Something along the lines of Hollywood make them feel the axis powers were 'cool', they were then curious at what the axis were doing and thought they should have been cunning. Doesn't make much sense to me either...


----------



## DerAdlerIstGelandet (Jan 24, 2006)

Oh well thanks for the attempt.


----------



## CurzonDax (Jan 24, 2006)

I see what he means. In many circles there is a sort of lost cause syndrome towards the Whermacht and the Luftwaffe, sort of the same lost cause syndrome for the Confederacy in the US. This lost cause syndrome is not a pro-Nazi feeling but it wants to re-enact the trials of the grunts and pilots of the Whermacht and the Luftwaffe. In fact I think more people reenact the Whermacht than others here in the US (gotta admit the uniforms are cooler looking than that of the US Army and English army).

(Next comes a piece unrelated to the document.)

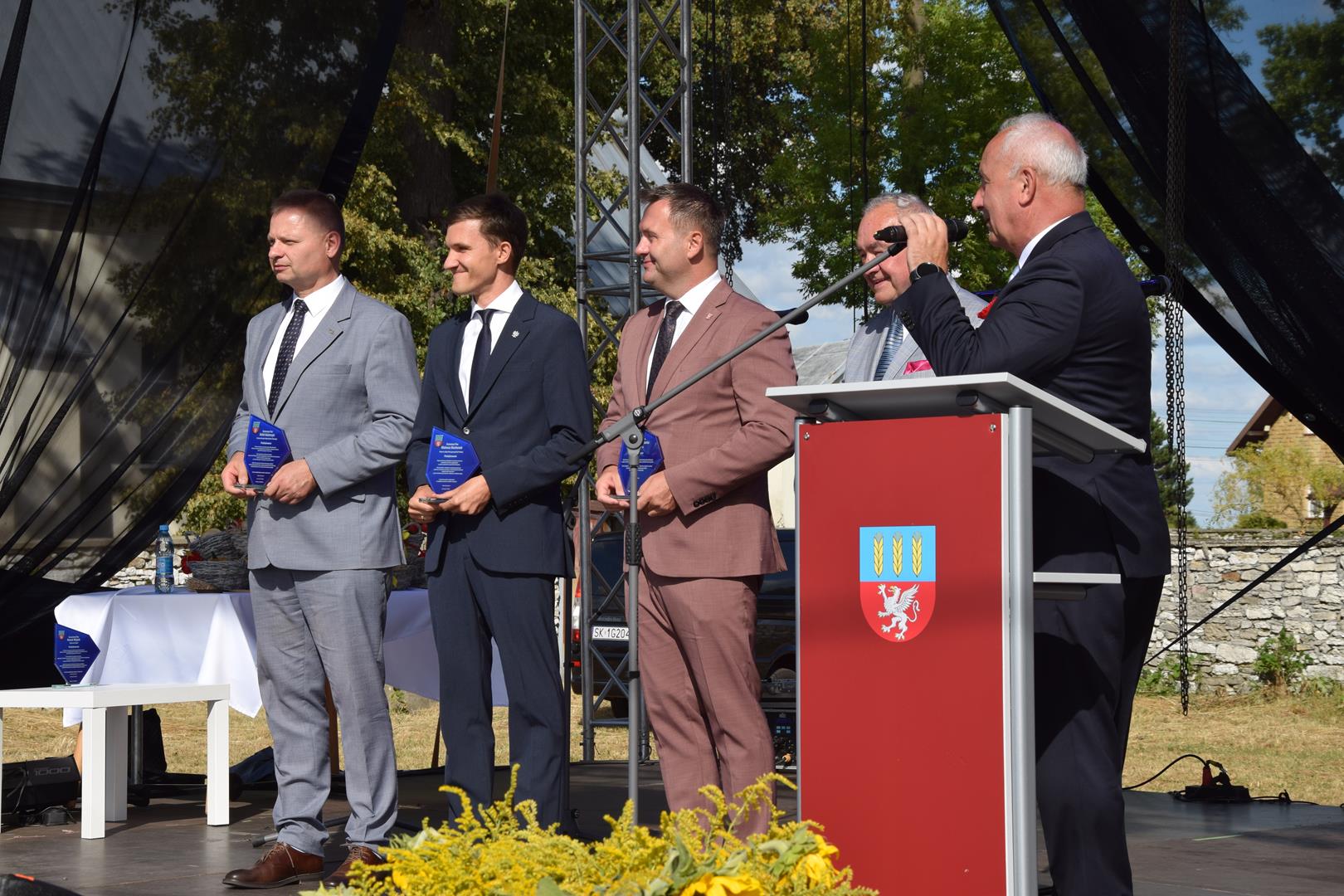 Zdjęcie przedstawia moment wręczenia pamiątkowych grawertonów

Look at the BoB movie, the Luftwaffe pilots were cheery and joking sort of guys while the RAF characters were stoic, stiff, and mechanical, the stereotype of the stoic RAF pilot defending the island. 

To me in movies like Stalingrad and Cross of Iron they seem to go out of thier way to make the Whermacht characters look human and like "the good guys". I am not trying to belittle the suffering the Germans went through in Russia (or for that matter in Falaise), but it seems that sometimes directors here and in Europe try to do this like trying to make the Confederates look the same way in Gettysburg.

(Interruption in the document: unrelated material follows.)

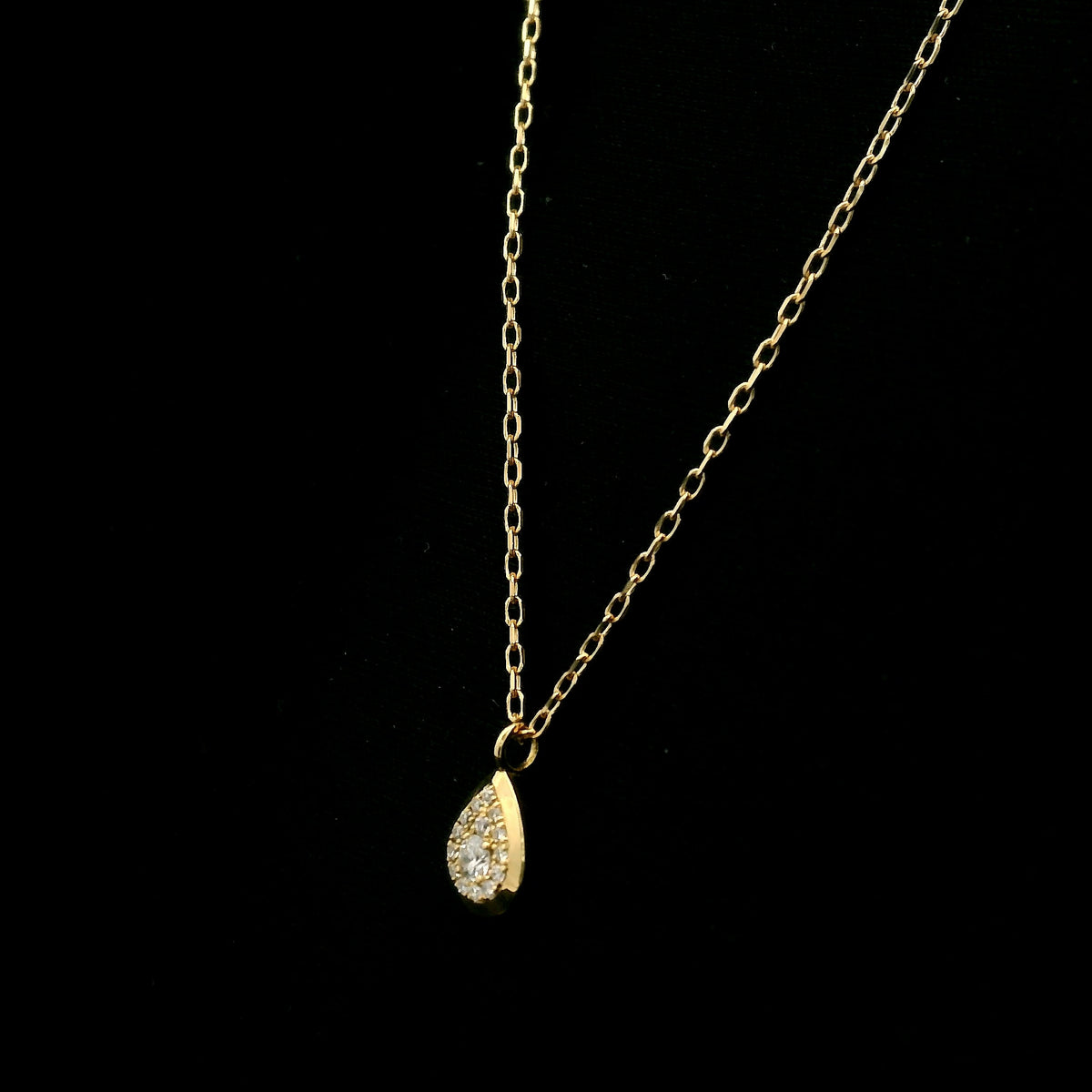 Diamond teardrop pendant necklace in 18K yellow gold featuring round brilliant diamonds arranged within a pear-shaped gold frame.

I hope I made sense and did not insult ya Alder or others.

:{)


----------



## DerAdlerIstGelandet (Jan 25, 2006)

Nope no insults here.


----------



## loomaluftwaffe (Jan 26, 2006)

i shouldnt go 2 this forum after seeing fireworks/party
i dont make sense after those stuff
well basically... I JUST DONT MAKE SENSE MMKAY?


----------



## DerAdlerIstGelandet (Jan 28, 2006)

You watch a lot fo South Park dont you?


----------



## loomaluftwaffe (Jan 28, 2006)

not alot.... TOO MUCH SOUTH PARK
too bad it only shows at Saturday 10pm at my country


----------



## DerAdlerIstGelandet (Jan 29, 2006)

I really can not stand the show. It was okay at first and then it just got dumb in my opinion. That is just my opinion though.


----------



## loomaluftwaffe (Jan 31, 2006)

neither can i, but nevertheless the story is stupid... thats why i watch it


----------



## DerAdlerIstGelandet (Feb 4, 2006)

Okay then.


----------



## krupp (Feb 4, 2006)

the lancaster kicks ass said:


> are you kidding me! in 1939 the B-17 was a peace of junk!


HA,Ha!!
Even a Chinese has know it.


----------



## the lancaster kicks ass (Feb 4, 2006)

welcome to the site krupp, any chance you can explain that a bit more i didn't really understand it ?


----------



## krupp (Feb 4, 2006)

the lancaster kicks ass said:


> welcome to the site krupp, any chance you can explain that a bit more i didn't really understand it ?


i agree with you.


----------



## DerAdlerIstGelandet (Feb 4, 2006)

I think most would.


----------



## the lancaster kicks ass (Feb 4, 2006)

most would what? i don't understand what he means by 



> Even a Chinese has know it


----------



## DerAdlerIstGelandet (Feb 4, 2006)

His english is just not very well. He said even a Chinese would agree with you.


----------



## the lancaster kicks ass (Feb 4, 2006)

ah thanks, see, i'm cultured


----------



## DerAdlerIstGelandet (Feb 4, 2006)

LOL


----------



## Gnomey (Feb 4, 2006)




----------



## plan_D (Feb 4, 2006)

More precisely, he meant "Even the Chinese know that [the B-17 was a pile of junk in 1939]" .


----------



## DerAdlerIstGelandet (Feb 5, 2006)

Aha!


----------



## CurzonDax (Feb 5, 2006)

Didn't the British even dislike thier Fortress Is?

:{)


----------



## plan_D (Feb 5, 2006)

We hated them. The idea of a bomber being so heavily defended that it could bomb in daylight appealed to Bomber Command, after all the B-17 could fly higher and was more heavily armed than all other RAF bombers at the time. 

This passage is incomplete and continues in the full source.